Um primo de Aécio, coordenador de suas campanhas, é quem negocia a compra. A negociação é feita na sede de um alambique em que Aécio Neves dizia ser sócio.

Aécio, como governador, é quem nomeou o desembargador que vendeu o habeas corpus – o desembargador, então procurador de justiça, era segundo da lista tríplice quando Aécio o escolheu.

Mas o nome do ex-governador Aécio não é sequer mencionado na longa reportagem.

O que aconteceria se, em vez de Aécio, o comprador do habeas corpus para traficante tivesse Lula como primo?
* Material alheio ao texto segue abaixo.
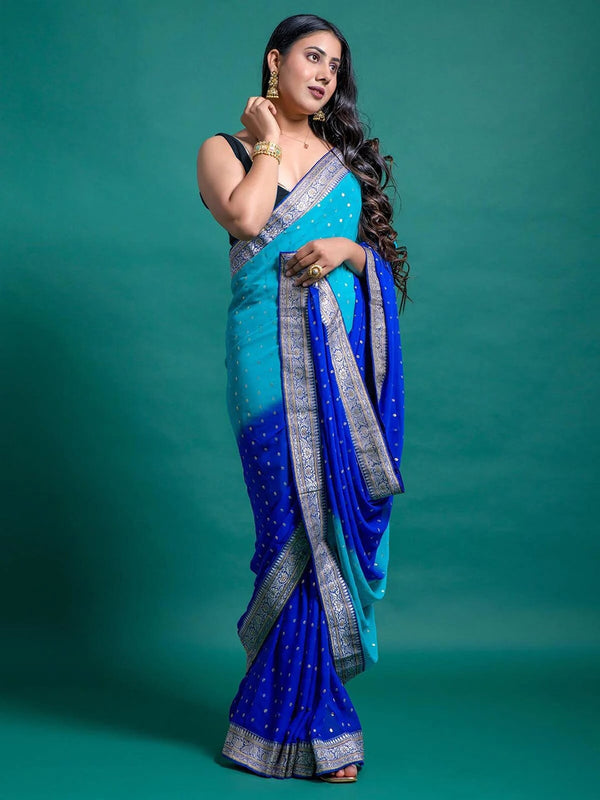 Mitera Blue & Gold-Toned Ethnic Motifs Pure Georgette Half and Half Block Print Saree - Distacart
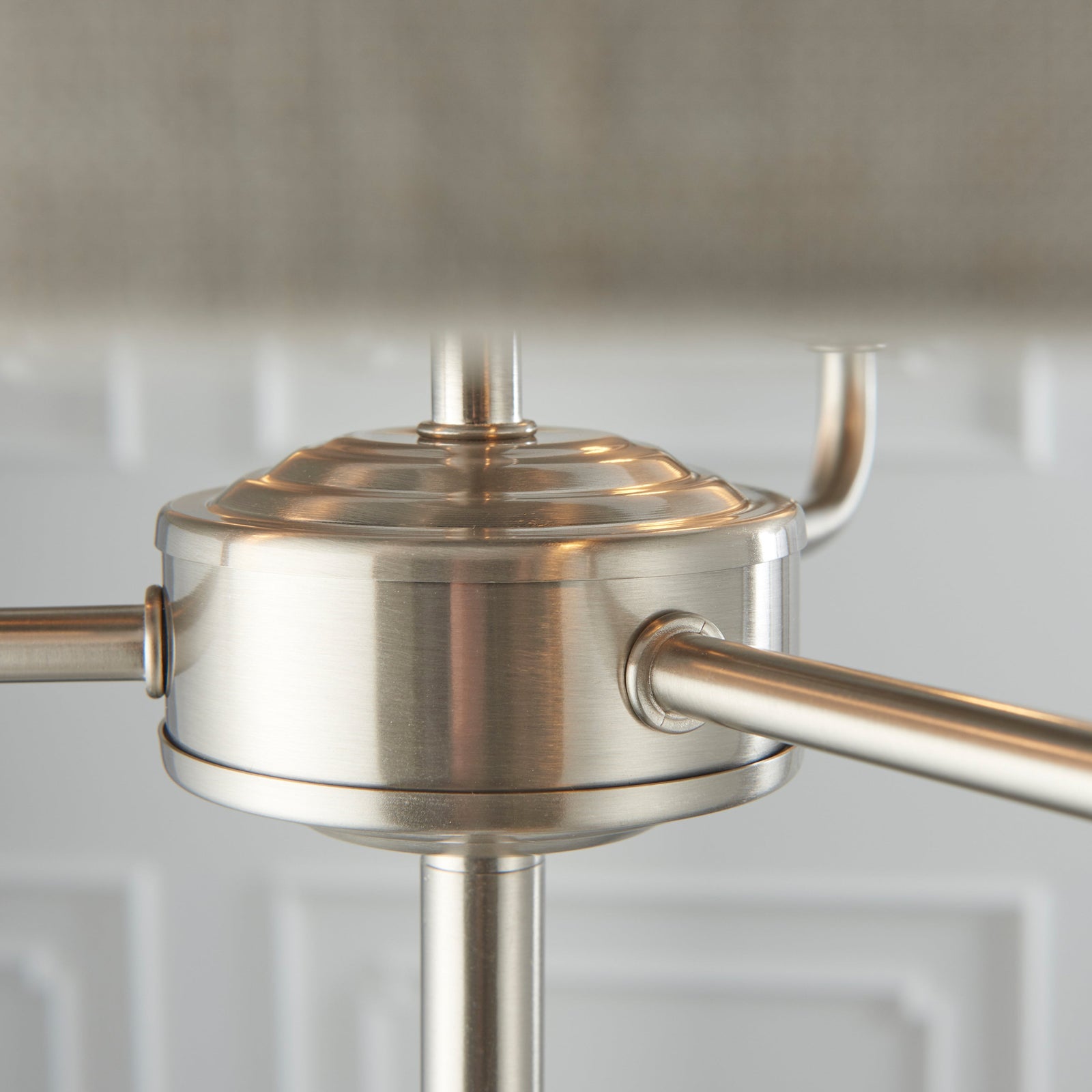 Highclere 3 Chrome And Cream Floor Light - DHD Highclere 3 Floor Light Chrome & Natural Sterling Home 5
A ligação de Aécio com os grandes veículos de comunicação é escancarada – Aécio fez uma estrada sob medida para a fazenda de Roberto Irineu Marinho em Botelho, Minas Gerais.

No seu tempo de governador, o avião do Estado de Minas Gerais era usado com frequência para levar e trazer seus amigos donos de jornal, revista e TV.

Mas, ainda que não usem aviões – Gilmar Mendes usou o helicóptero do governo de Minas — juízes, desembargadores e ministros deveriam se comportar de maneira diferente.

Pelo menos manter as aparências.

Afinal, o símbolo da Justiça é a deusa Têmis, que tem venda nos olhos e segura uma balança, com pratos iguais, a indicar que não há diferenças entre os homens quando se trata de julgar os erros e acertos.

No Brasil, dá para acreditar que a Justiça não vê quem julga nem usa pesos diferentes?